Obsèques de Pierre Thiébault : un départ en chantant
4 juin, parNos peines
Billet philosophique
20 juillet 2012

Un des plus graves problèmes de notre temps n’est-il pas le fait que non seulement la plupart des États du monde, mais aussi d’autres responsables socio-économiques, politiques, médiatiques et autres décideurs ne fassent quasiment rien pour aider les citoyens à prendre conscience de l’importance du développement durable à construire d’urgence aussi bien au niveau de chaque collectivité locale et nationale qu’au niveau planétaire ? En effet, cela a pour conséquence d’aggraver les difficultés de la majorité de l’humanité, voire de mettre en péril sa survie. En même temps, cela s’inscrit dans la logique de la loi du profit capitaliste qui domine la planète, alors que le développement durable nous oblige à tout changer. Mé kisa i koné sa ?
Dans le journal "Le Monde" du 12 juillet dernier, Gilles van Kote, du "Service Planète", publie une analyse de la récente Conférence des Nations Unies sur le développement durable à Rio de Janeiro, où il souligne notamment « le "krach" de l’économie verte ». Ce "krach" a été dénoncé entre autres par le président bolivien Evo Morales, qui a souligné que ce nouveau modèle économique, basé en particulier sur le respect de notre environnement par les divers modes de production, est transformé par les pays les plus riches comme « une nouvelle forme de colonialisme » pour, en fait, dominer et piller d’une autre façon les plus pauvres.
Le chroniqueur du quotidien parisien signale également que « les organisations non-gouvernementales (ONG) les plus radicales ont dénoncé une volonté du monde occidental de repeindre en vert un capitalisme aux abois ». Autrement dit, les classes et les puissances dominantes prétendent vouloir donner une dimension soi-disant écologique à l’économie de marché pour augmenter en réalité leur exploitation des peuples et leur imposer encore davantage leur système, tout en continuant elles-mêmes à polluer notre cadre de vie. Voilà pourquoi Gilles van Kote conclut avec raison son article en déclarant que 25 ans après le lancement de ce concept par les Nations Unies, « le développement durable reste à réinventer ».
Un outil émancipateur
Cet article pose toutefois un problème selon nous : c’est qu’il parle seulement des « trois piliers du développement durable » ; c’est à dire : l’économie, le social et l’environnement. Ceci est préoccupant, car cela illustre à quel point, même dans la presse, des spécialistes de ce sujet ne sont pas conscients de l’ensemble des dimensions du développement durable, si l’on veut véritablement lui donner un contenu valable, qui remet entièrement en cause le mode de "développement" désastreux mis en place depuis des siècles.

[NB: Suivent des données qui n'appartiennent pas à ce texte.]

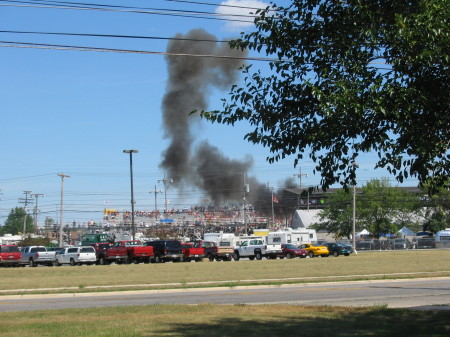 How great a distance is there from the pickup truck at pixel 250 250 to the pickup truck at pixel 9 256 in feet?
60.4

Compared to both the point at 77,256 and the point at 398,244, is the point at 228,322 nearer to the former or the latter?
the point at 77,256

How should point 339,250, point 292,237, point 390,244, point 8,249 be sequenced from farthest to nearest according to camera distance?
point 390,244 → point 292,237 → point 339,250 → point 8,249

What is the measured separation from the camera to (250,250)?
55.1 m

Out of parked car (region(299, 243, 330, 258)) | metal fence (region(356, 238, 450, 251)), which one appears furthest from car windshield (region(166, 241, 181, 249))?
metal fence (region(356, 238, 450, 251))

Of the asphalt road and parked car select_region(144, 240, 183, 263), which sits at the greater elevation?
parked car select_region(144, 240, 183, 263)

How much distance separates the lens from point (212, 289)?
968 inches

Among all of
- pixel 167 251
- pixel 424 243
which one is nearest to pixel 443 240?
pixel 424 243

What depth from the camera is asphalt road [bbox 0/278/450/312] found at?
18.5 metres

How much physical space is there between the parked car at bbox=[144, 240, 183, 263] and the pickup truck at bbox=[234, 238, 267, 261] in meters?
5.81

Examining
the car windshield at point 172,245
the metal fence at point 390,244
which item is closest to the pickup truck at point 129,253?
the car windshield at point 172,245

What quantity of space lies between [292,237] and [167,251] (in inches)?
805

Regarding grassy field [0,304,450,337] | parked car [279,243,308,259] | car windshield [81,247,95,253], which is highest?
car windshield [81,247,95,253]

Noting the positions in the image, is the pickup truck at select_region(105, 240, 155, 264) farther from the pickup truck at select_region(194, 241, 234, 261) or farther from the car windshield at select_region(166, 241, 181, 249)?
the pickup truck at select_region(194, 241, 234, 261)

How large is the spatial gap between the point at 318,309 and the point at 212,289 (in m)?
9.87
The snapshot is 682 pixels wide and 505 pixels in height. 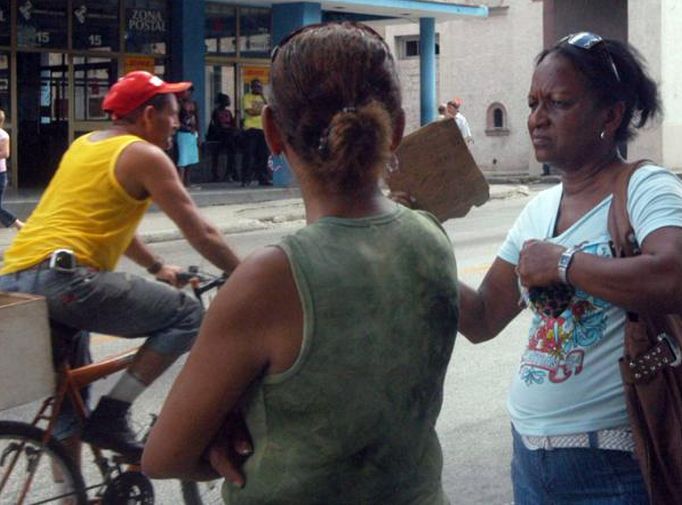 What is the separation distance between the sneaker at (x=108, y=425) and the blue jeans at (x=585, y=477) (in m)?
2.11

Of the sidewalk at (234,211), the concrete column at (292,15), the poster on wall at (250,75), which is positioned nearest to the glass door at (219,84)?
the poster on wall at (250,75)

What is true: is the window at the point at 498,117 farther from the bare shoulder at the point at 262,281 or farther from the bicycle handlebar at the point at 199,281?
the bare shoulder at the point at 262,281

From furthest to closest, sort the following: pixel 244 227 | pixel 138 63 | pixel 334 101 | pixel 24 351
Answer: pixel 138 63 → pixel 244 227 → pixel 24 351 → pixel 334 101

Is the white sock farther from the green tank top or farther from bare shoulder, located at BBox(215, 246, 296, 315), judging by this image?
bare shoulder, located at BBox(215, 246, 296, 315)

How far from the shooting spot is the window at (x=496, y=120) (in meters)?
35.8

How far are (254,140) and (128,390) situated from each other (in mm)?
19869

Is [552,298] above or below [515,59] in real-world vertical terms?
below

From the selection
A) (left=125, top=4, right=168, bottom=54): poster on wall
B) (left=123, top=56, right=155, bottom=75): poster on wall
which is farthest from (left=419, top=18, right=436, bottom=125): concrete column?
(left=123, top=56, right=155, bottom=75): poster on wall

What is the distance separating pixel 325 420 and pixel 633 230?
3.28 feet

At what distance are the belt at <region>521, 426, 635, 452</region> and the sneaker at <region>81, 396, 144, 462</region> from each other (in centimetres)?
218

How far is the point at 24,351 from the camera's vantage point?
4.14 metres

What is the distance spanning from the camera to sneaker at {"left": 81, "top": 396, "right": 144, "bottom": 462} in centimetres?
466

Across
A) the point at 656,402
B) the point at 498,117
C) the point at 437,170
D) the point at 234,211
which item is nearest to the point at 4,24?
the point at 234,211

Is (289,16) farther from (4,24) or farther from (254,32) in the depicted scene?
(4,24)
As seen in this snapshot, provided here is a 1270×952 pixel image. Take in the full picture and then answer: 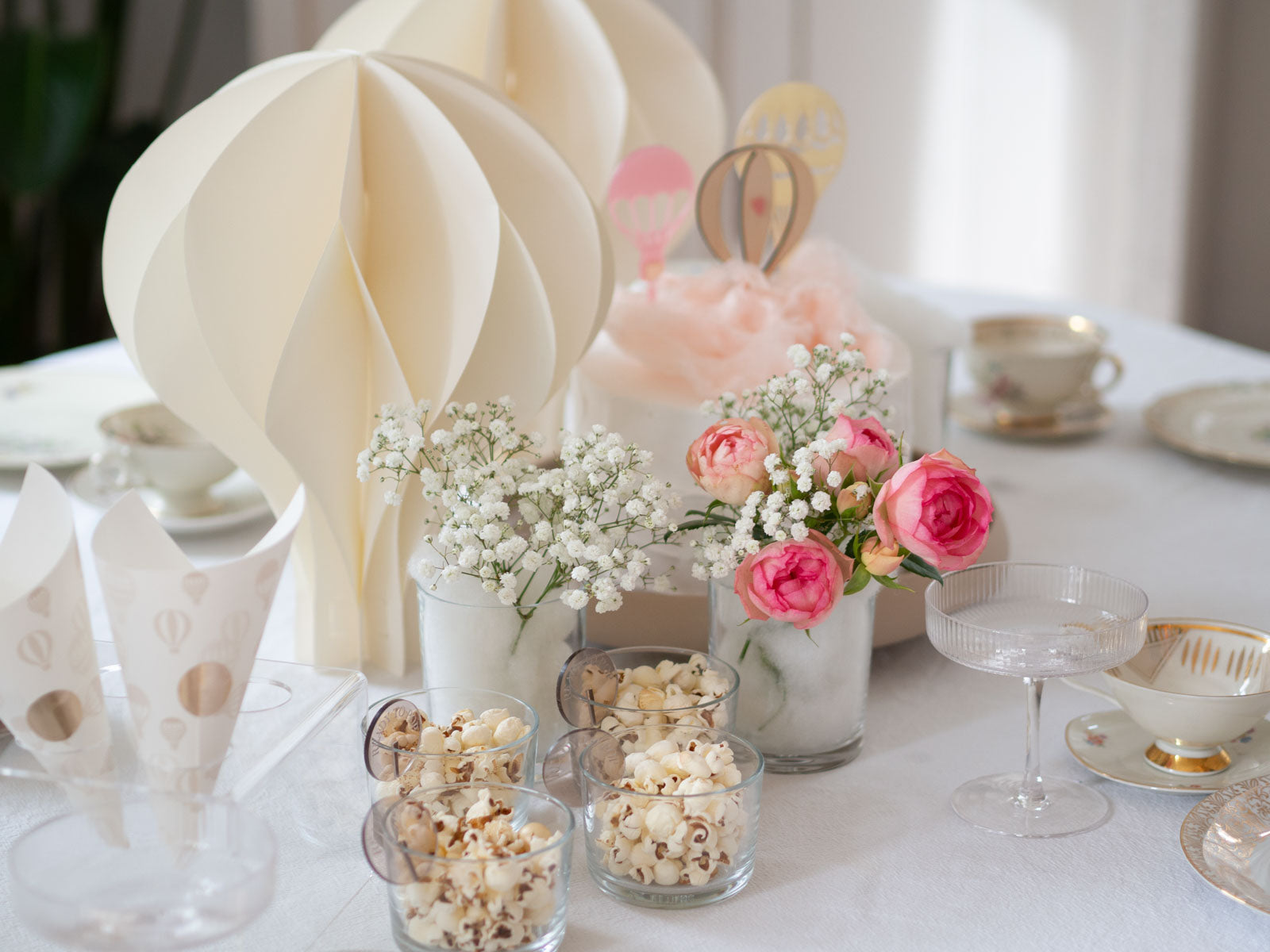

Ceci est d’autant plus grave qu’en un quart de siècle, le concept de développement durable n’a cessé de s’enrichir, grâce à des réflexions émises par des citoyens du monde entier, afin qu’il ait un sens réellement et fortement transformateur de la société. Au point qu’il n’ait pas seulement un continu sirupeux, sans intérêt, voire néfaste, et que le peuple s’en empare comme d’un outil émancipateur.
Six piliers
C’est pourquoi nous voudrions rappeler ne serait-ce que les six piliers du développement durable évoqués l’an dernier par des centaines d’élèves des écoles du Port lors du "concours philosophique" organisé à ce sujet par le Cercle Philosophique Réunionnais. Ces six piliers sont les suivants :
• une économie durable, sociale et solidaire ;
• une société équitable, avec un juste partage des richesses, une politique des revenus, des prix, de la fiscalité et des prêts bancaires qui respecte les droits sociaux de tous les citoyens ;
• une protection de notre environnement dans tous les domaines ;
• une gouvernance démocratique, où le pouvoir politique et judiciaire appartient réellement au peuple pour permettre à chaque citoyen d’être un acteur libre et responsable du développement de son pays ;
• une prise en compte de la dimension culturelle de notre vivre ensemble, et donc la culture du savoir, de l’esprit critique, de la sagesse, de l’éducation à tous les âges, de l’identité, de la diversité culturelle et de l’interculturalité ;
• un co-développement solidaire des peuples au niveau de leur région ou continent, mais aussi au niveau planétaire, avec une gouvernance partenariale.
Allons donc renforcer ensemble cette bataille afin que de moins en moins de citoyens de La Réunion et du monde soient conduits à nous dire : « Lo dévlopman dirab ? Mi koné pa kosa i lé. Moin lé pa la èk sa ! ».